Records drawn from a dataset
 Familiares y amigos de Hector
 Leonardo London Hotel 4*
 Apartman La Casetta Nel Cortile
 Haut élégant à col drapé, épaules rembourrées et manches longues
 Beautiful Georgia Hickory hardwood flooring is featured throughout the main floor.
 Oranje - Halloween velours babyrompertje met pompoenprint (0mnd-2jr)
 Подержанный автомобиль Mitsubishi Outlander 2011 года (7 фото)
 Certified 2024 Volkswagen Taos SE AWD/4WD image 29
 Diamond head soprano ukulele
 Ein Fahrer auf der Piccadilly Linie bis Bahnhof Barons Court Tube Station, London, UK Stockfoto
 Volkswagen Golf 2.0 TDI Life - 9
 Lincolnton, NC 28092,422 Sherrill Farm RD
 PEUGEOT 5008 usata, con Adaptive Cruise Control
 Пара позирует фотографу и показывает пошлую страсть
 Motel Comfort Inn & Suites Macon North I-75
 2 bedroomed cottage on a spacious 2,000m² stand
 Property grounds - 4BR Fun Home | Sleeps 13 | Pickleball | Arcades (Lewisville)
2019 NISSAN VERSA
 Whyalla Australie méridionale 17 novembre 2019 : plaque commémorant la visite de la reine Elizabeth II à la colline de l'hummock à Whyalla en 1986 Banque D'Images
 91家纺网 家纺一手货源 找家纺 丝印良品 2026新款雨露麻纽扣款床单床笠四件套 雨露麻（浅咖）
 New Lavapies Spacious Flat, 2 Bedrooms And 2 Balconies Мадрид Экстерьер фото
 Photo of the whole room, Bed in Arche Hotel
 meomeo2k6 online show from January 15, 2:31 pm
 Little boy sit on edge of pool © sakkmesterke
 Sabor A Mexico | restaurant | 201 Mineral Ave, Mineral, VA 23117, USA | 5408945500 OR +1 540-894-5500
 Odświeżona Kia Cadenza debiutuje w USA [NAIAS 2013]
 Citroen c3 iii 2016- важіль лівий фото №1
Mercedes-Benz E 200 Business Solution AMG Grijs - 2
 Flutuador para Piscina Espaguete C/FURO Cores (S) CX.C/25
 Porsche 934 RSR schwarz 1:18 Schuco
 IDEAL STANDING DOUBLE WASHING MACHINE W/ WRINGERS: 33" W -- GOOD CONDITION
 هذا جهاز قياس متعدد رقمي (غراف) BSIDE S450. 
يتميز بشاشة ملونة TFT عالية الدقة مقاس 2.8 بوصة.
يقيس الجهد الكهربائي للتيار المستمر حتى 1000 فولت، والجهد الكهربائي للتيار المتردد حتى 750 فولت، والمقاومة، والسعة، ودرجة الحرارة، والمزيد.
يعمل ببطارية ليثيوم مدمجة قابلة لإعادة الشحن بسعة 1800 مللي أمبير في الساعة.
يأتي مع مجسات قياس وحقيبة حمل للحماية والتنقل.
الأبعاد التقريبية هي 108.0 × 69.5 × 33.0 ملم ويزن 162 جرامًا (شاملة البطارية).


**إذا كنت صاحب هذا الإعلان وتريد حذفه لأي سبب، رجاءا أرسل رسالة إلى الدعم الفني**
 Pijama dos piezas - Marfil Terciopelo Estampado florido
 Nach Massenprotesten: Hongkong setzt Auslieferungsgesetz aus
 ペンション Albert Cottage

The problem
Of the lines in the data above, some may include the word "Volkswagen"; state how many, with no added words.

Answer to this task
2